Hi, I'm Sam, I love movies. My main interest is science fiction and zombie movies. Pessimistic and survival films I also enjoy a lot.
Timecrimes happens in just the span of a nightfall. Or rather, in three.
Héctor (Karra Elejalde), is a middle-aged man who has just moved to a big country house with his wife Clara (Candela Fernandez) in rural Spain. While his wife decides to go out for some groceries, Hector kills time using his binoculars to look around. In the near forest, Héctor discovers a beautiful lonely girl, getting naked. Completely captivated by the vision, Hector can't resist the temptation to investigate further.
His curiosity will lead him to what appears to be an ambush. Attacked by a strange man with pink bands and a pair of scissors, Héctor flees, seeking refuge in a strange, nearby scientific facility, In there, he meets a man (Nacho Vigalondo) who promises to hide him from the threat on a strange platform.
But when Héctor leaves that platform, he realizes that he has traveled to the past, about an hour. The sun is back and is just about to be nightfall again.
From then on, what director Nacho Vigalondo (an acclaimed Oscar winner for his wonderful short 7:35 in the Morning) builds is a wonderful and engaging time loop full of details and interesting twists.
Everything with just four actors, two locations, a minimum budget and an easiness to distill complexity so great that I'm sure Shane Carruth (Primer) would surely envy.
Timecrimes is undoubtedly one of the best time travel movies ever made. Vigalondo does a study on the immovable fate, following the "original" Hector's point of view and his progressive immersion to the voracious time.
One of the most striking features of Timecrimes is the way Vigalondo anchors humanity and its ego to the present. Hector knows perfectly well that the Hectors he is seeing are simply himself in different parts of the temporal loop, but he cannot help identifying them as "others" and even assigning numbers to differentiate himself from them.
Hector even goes to the illogical delusion of distrusting them, even knowing that they are all just himself at another time point.

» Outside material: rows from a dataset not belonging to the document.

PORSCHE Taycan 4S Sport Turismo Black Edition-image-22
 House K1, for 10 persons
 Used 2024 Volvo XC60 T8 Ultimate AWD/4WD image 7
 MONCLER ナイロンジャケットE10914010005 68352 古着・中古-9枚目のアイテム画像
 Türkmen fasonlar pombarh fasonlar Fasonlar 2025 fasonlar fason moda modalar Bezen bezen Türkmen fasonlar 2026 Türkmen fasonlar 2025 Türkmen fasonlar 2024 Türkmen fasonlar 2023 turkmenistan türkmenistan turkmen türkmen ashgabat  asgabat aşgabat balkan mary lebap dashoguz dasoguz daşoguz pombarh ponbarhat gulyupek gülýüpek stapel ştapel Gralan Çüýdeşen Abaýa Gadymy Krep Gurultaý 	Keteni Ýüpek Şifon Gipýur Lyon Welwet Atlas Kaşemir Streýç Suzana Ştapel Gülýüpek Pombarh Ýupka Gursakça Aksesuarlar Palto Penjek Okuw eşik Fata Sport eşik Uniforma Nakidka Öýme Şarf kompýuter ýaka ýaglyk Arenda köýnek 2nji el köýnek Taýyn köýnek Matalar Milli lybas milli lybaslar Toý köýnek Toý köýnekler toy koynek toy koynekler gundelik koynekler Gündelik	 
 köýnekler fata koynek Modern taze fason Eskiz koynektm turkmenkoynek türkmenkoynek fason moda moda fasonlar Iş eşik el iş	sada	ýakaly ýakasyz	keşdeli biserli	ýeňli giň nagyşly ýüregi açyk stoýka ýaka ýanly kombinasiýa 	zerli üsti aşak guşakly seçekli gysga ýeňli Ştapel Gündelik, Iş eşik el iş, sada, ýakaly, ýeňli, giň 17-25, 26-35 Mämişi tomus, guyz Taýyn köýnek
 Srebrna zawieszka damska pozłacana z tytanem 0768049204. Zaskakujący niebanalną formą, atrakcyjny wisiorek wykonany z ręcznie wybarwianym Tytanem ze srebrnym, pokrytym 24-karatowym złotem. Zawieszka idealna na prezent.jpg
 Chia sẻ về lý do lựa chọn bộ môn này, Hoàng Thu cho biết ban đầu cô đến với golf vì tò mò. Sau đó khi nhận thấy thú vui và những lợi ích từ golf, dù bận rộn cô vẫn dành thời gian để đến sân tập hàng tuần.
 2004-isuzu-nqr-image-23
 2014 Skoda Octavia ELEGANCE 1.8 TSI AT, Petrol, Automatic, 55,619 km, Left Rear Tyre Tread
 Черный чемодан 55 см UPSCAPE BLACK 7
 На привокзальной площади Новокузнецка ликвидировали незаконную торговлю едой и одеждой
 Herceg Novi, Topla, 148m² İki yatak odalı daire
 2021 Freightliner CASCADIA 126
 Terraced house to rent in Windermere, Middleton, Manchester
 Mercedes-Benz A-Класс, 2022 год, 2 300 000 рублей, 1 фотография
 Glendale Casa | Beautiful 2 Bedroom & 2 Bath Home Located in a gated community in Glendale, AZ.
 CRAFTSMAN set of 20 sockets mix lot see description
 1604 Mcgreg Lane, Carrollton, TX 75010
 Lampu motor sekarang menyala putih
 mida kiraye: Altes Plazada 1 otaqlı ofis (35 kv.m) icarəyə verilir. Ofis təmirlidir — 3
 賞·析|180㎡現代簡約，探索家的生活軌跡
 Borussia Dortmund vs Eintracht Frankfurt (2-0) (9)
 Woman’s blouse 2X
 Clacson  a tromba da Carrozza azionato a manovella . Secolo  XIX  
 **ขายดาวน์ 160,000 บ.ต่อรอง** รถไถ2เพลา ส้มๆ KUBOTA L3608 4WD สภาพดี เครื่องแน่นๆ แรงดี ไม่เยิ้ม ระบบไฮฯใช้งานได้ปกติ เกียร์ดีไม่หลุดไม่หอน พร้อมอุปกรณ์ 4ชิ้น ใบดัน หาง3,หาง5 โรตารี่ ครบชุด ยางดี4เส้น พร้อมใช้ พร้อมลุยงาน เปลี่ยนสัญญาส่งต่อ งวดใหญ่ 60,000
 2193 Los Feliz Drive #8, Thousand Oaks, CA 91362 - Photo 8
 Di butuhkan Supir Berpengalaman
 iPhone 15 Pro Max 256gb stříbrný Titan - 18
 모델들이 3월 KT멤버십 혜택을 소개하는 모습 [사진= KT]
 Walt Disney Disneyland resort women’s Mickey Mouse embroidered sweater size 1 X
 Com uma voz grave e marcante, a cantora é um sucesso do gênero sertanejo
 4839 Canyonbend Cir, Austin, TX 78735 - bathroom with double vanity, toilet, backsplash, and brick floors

Each "version" of Hector conceives time travel differently, changing his point of view as he experiences them. "Hector 1" is a total ignorant who doesn't even know that time travel exists. "Hector 2," completely blinded by the revelation, tries desperately (practically terrified) to emulate previous actions in order to keep the chain of events intact.
"Hector 3", more confident, has an ego displayed when he is convinced, against all logic, that he can change the past. Of course, he will end up resigned, letting fate reach him hopelessly.
Timecrimes is not just a wonderful sci-fi thriller. Its not-so-subtle symbolism makes it clear that this is also an allegory about the difficulties of infidelity in a monogamous middle-aged relationship.
The "seduction" of the young woman, the man who progressively complicates his life in an effort to maintain his normality, the efforts to "rejuvenate" the couple and then the too-little-too-late amends, wanting to go back in time to fix everything.
Unlike many time-travel films, Timecrimes is enormously satisfying in its treatment of the immovable future. All pieces of the puzzle fall into place in a very well argued way and with very simple items to track them later.
Because, of course, this is one of those movies that almost requires an instant rewatch. The result will be two very different experiences, both equally entertaining.
Release Year: 2007
Director(s): Nacho Vigalondo
Actors: Karra Elejalde, Candela Fernández, Bárbara Goenaga, a.o.